# Twitter Sentiment Analysis

#### Goal: To create a model that can effectively predict sentiment (Positive or Negative) in tweets.

Data is from Sentiment140 which provides 1.6 million labeled Tweets.

In [1]:
############################### Imports ##################################

# Basic
import numpy as np
import pandas as pd
import scipy
import re
import time
import matplotlib.pyplot as plt
import seaborn as sns
%matplotlib inline
import boto3
import io
import warnings
warnings.filterwarnings('ignore')

# NLP
import nltk
import spacy
spacy.load('en')
from nltk.corpus import stopwords
import preprocessor as p

# Model Infrastructure
from sklearn.feature_extraction.text import TfidfVectorizer
from sklearn.decomposition import TruncatedSVD, PCA
from sklearn.pipeline import make_pipeline, Pipeline
from sklearn.preprocessing import Normalizer
from sklearn.model_selection import train_test_split
from sklearn.model_selection import GridSearchCV
from sklearn.metrics import classification_report


# Models
from sklearn.linear_model import LogisticRegression
from sklearn import linear_model
import xgboost as xgb
from xgboost.sklearn import XGBClassifier

In [None]:
#################################### Bring in Data #############################################
start_time = time.time()
s3 = boto3.client('s3')

#Bring in Training Data
obj = s3.get_object(Bucket='data-science-project-data', Key='Twitter_Sentiment_Analysis/training.1600000.processed.noemoticon.csv')
cols = ['sentiment','id','date','query_string','user','text']
tweets = pd.read_csv(io.BytesIO(obj['Body'].read()),header=None, names=cols, encoding = "ISO-8859-1")
#train.set_index('bidder_id', inplace=True)

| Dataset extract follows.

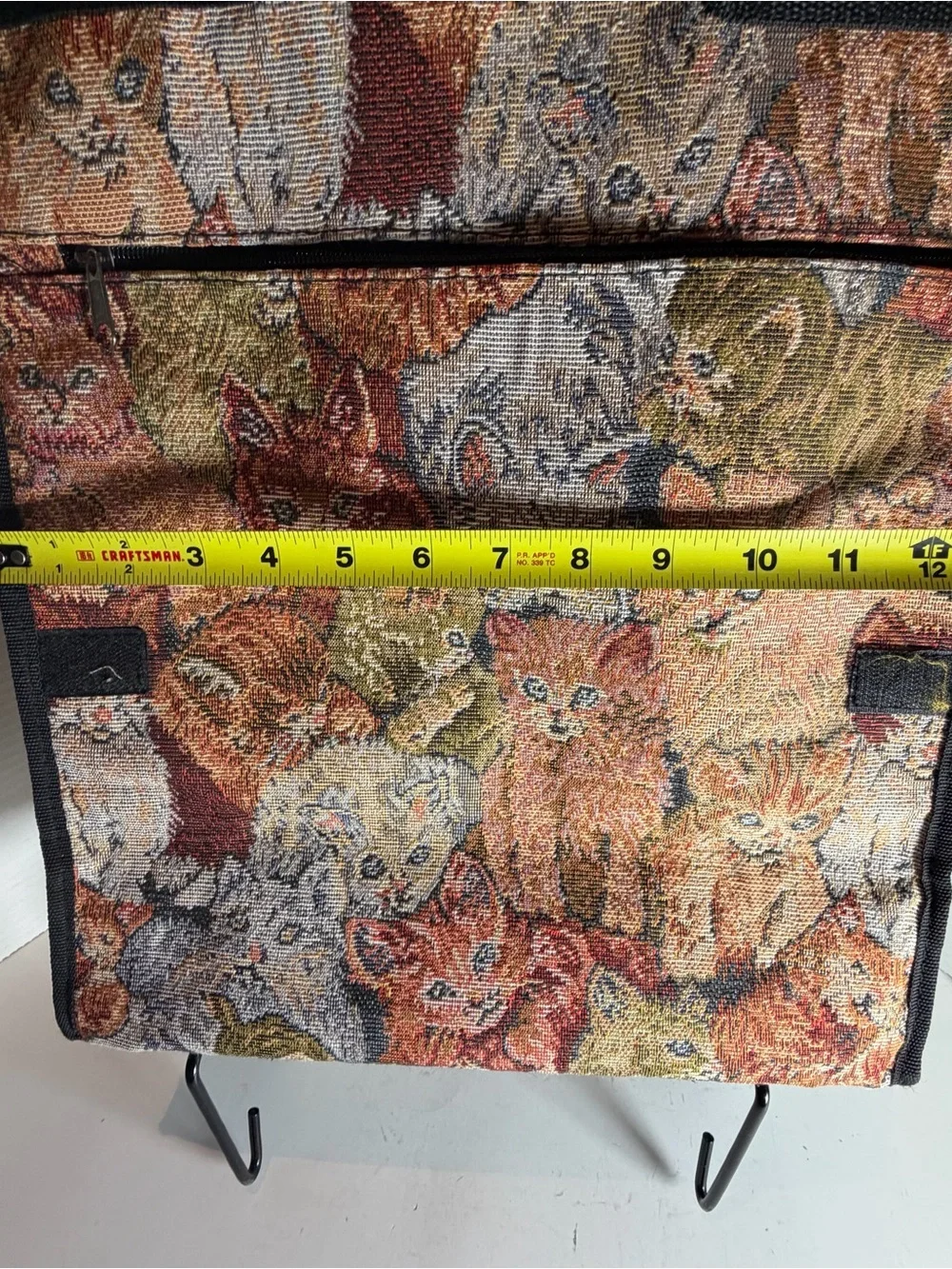 Vintage Tapestry Shopping Bag Cart With Wheels Foldable Travel Bag Cats
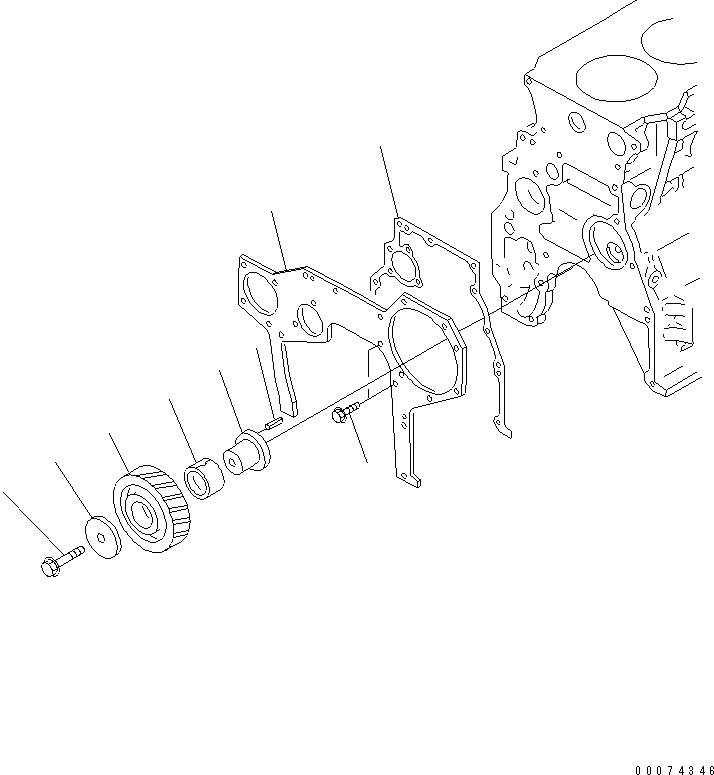 Схема запчастей Komatsu WA65-6 - ПЕРЕДН. ПРИВОД ПЛАСТИНА AA ДВИГАТЕЛЬ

print("-- Execution time: %s seconds ---" % (time.time() - start_time))

In [None]:
tweets.head()

In [None]:
# Just Need the Sentiment and the Text
tweets.drop(['id','date','query_string','user'],axis=1,inplace=True)

In [None]:
# Clean the tweets
p.set_options(p.OPT.URL, p.OPT.EMOJI, p.OPT.MENTION, p.OPT.RESERVED, p.OPT.EMOJI)
def preprocess_tweet(tweet):
    return p.clean(tweet)

# Clean the tweets, by removing special characters
start_time = time.time()
tweets['Clean'] = tweets['text'].apply(lambda x: preprocess_tweet(x))
print("-- Execution time: %s seconds ---" % (time.time() - start_time))

In [None]:
# Down Sample
tweets_subsampled_1, tweets_subsampled_2 = train_test_split(tweets, test_size=0.1)

In [None]:
#Split between outcome and Features
y = tweets_subsampled_2['sentiment']
X = tweets_subsampled_2['Clean']

### Model Training

#### Transform Data

In [None]:
start_time = time.time()
# Create lemmatizer using spacy
lemmatizer = spacy.lang.en.English()

def custom_tokenizer(doc):
    tokens = lemmatizer(doc)
    return([token.lemma_ for token in tokens if not token.is_punct])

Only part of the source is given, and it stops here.